Doch wird durch die Medien meistens ein vollkommen falsches Bild von großartigen Persönlichkeiten transportiert, denn dort ist Ruhm und/oder Erfolg gleichzusetzen mit bewundernswertem Charakter. Seit Social-Media reicht dafür übrigens ausschließlich zweifelhafter Ruhm und das Ganze läuft auf einem noch niedrigeren Level. Ab einem gewissen Bekanntheitsgrad wird man angehimmelt, bewundert und beklatscht – sogar dann, wenn man die Persönlichkeit einer Socke hat.

Und selbst die Großen und Erfolgreichen der Geschichte haben abseits ihres Erfolges teilweise ein solches mieses Wesen und ein solch fruchtbares Leben, dass man das kalte Grauen bekommt, sobald man etwas hinter die Kulissen schaut. Da Draußen ist oft Geld + Macht = Persönlichkeit, und das ist eine riesige Täuschung.

Ruhm und Erfolg an sich ist nichts Verkehrtes oder Negatives, ganz im Gegenteil – aber er beschert dir nicht automatisch eine großartige Persönlichkeit, einen starken Charakter oder ein anziehendes Wesen.

Zu einer Persönlichkeit wird man erst, wenn man inmitten von Schwierigkeiten und Herausforderungen sich immer wieder entscheidet. Gegen Bitterkeit und für Vergebung, gegen Angst und für Vertrauen, gegen Traurigkeit, Entmutigung und Frust und für‘s Dranbleiben, Weitermachen und Durchziehen.

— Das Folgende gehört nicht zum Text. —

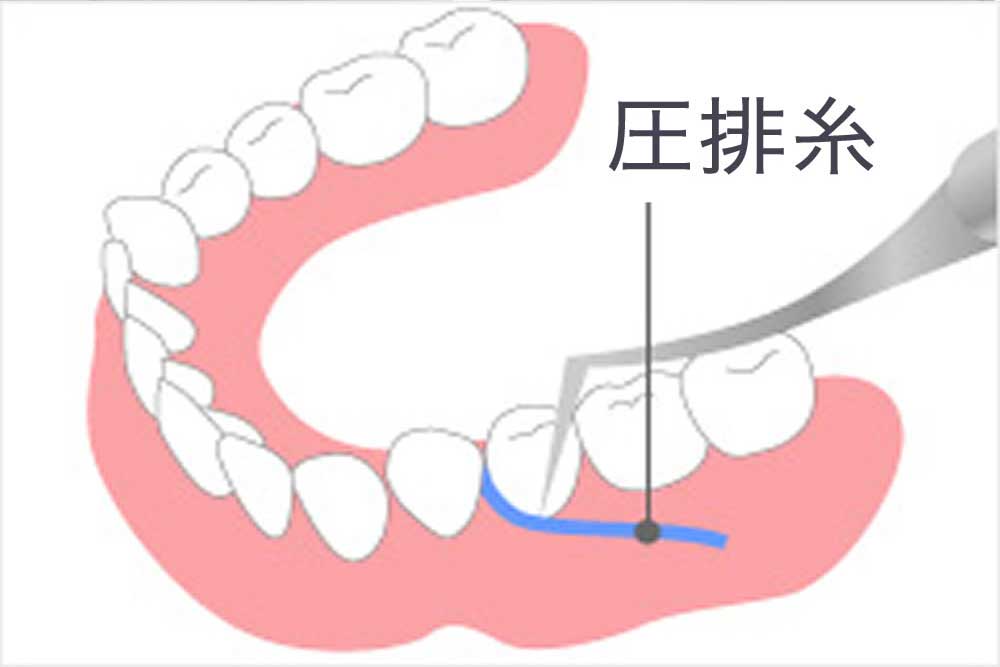 歯肉圧排(しにくあっぱい)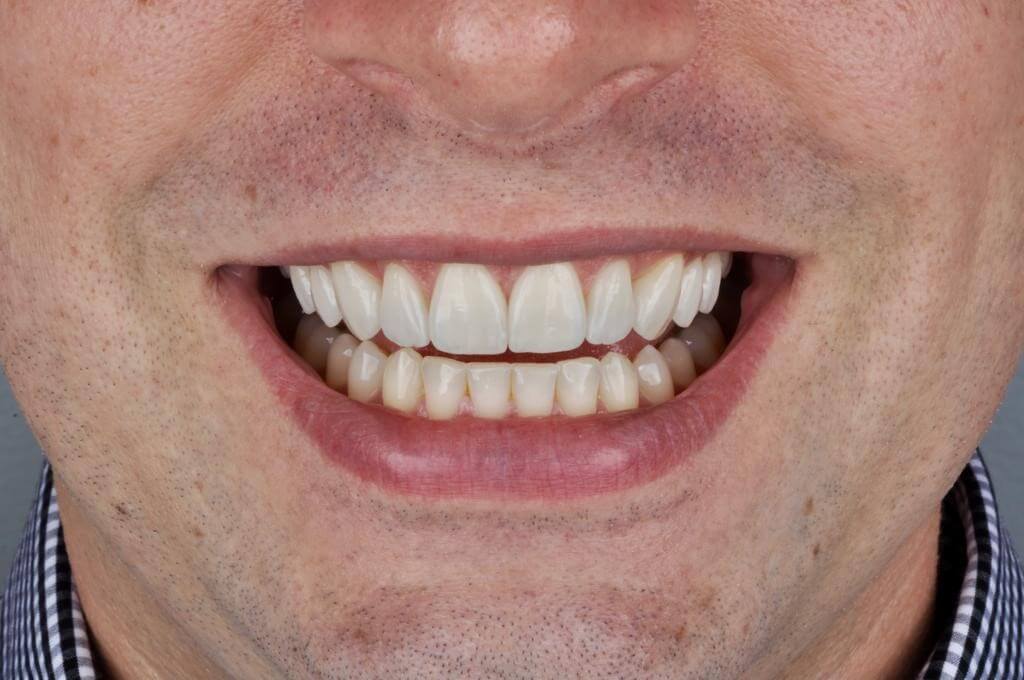 Figura 16 - ARTIGO: Dicas de Clareamento Dental e Laminados Cerâmicos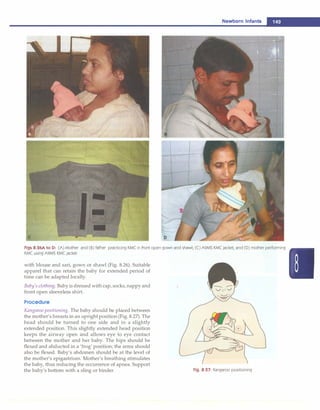 ------------------------------------N_e_w_b_o_r_n_i_n_ta_ n
_t_s_
....
D
J
I
Figs 8.26A to D: (A) Mother and (B) father practicing KMC in front open gown and shawl; (C) AIIMS KMC jacket; and (D) mother performing
KMC using AIIMS KMC jacket
with blouse and sari, gown or shawl (Fig. 8.26). Suitable
apparel that can retain the baby for extended period of
time can be adapted locally.
Baby's clothing. Baby is dressed with cap, socks, nappy and
front open sleeveless shirt.
Procedure
Kangaroo positioning. The baby should be placed between
the mother's breasts in an upright position (Fig. 8.27). The
head should be turned to one side and in a slightly
extended position. This slightly extended head position
keeps the airway open and allows eye to eye contact
between the mother and her baby. The hips should be
flexed and abducted in a 'frog' position; the arms should
also be flexed. Baby's abdomen should be at the level of
the mother's epigastrium. Mother's breathing stimulates
the baby, thus reducing the occurrence of apnea. Support
the baby's bottom with a sling or binder. Fig. 8.27: Kangaroo positioning
 
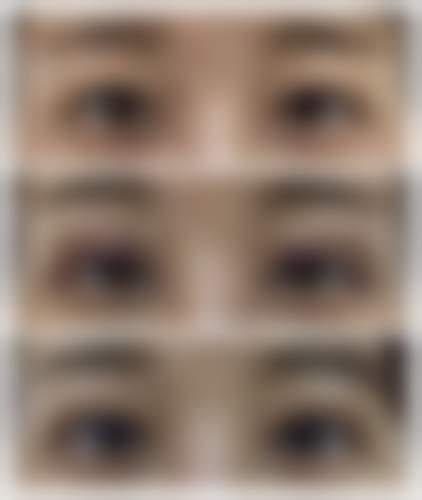 四、韩国普瑞美整形医院正规靠谱吗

Gegen „Ich kann‘s nicht, ich schaff‘s nicht, das ist mir zu viel, ich gebe auf.“ und für „Jetzt werde ich gerade erst warm.“

Keiner mag Herausforderungen, und am liebsten wäre es uns, wenn alles immer glatt laufen würde, das ist klar. Aber erst dann hat man überhaupt die Chance, sich wirklich zu entscheiden. Menschen, bei denen alles immer gut läuft, sind leider meist auch strunzlangweilig. Das liegt daran, dass sie niemals die Chance hatten, echte Substanz zu bilden, Stehvermögen, Entschlossenheit, Unerschrockenheit, Personality eben.

Ja, das Leben auf der Couch ist einfacher und es geht nicht darum, viele
Schwierigkeiten zu haben – sich in Schwierigkeiten zu manövrieren kann jeder Depp. Es geht darum, angesichts von Herausforderungen sich immer und immer wieder zu entscheiden. Und dass diese Entscheidungen nicht ganz so easy sind, ist absolut klar!

Man kann Hunderte Schwierigkeiten haben – wenn man seine Entscheidungen nicht trifft, wird man einfach nur verbittert, misstrauisch oder griesgrämig. Das ist ganz sicher nicht faszinierend. Herausforderungen bringen einen kein Stück weiter, außer, man
überwindet sie, und lässt sich nicht durch sie überwinden.

Die Schwierigkeiten, die die eigene Persönlichkeit bilden, müssen größer sein, als das, was man momentan packt. Manche heulen schon beim kleinsten Problem, haben schlaflose Nächte bei Belanglosigkeiten, sind Down beim geringsten Widerstand – aber darum geht es nicht. Es muss sich so anfühlen, dass man denkt: „Das war’s. Ich kann nicht mehr. Ich gebe auf. Alles geht den Bach runter. Mein Leben ist wertlos. Alles macht keinen Sinn.“ Es muss einen eigentlich überfordern.

Genau an diesem Punkt ist das Potenzial zur allergrößten Persönlichkeitsentfaltung des eigenen Lebens. Denn genau jetzt kann man sich entscheiden, was man eigentlich will in seinem Leben. Wohlgemerkt, man kann – müssen tut man das nicht. Man kann den Dingen auch immer wieder ausweichen und alles vermeiden, was schwierig ist. Schließlich machen das alle anderen ja auch so. Das ist immer die einfachste Lösung, bietet sich auf einem Silbertablett an, der Teufel argumentiert immer hervorragend, das muss man ihm lassen.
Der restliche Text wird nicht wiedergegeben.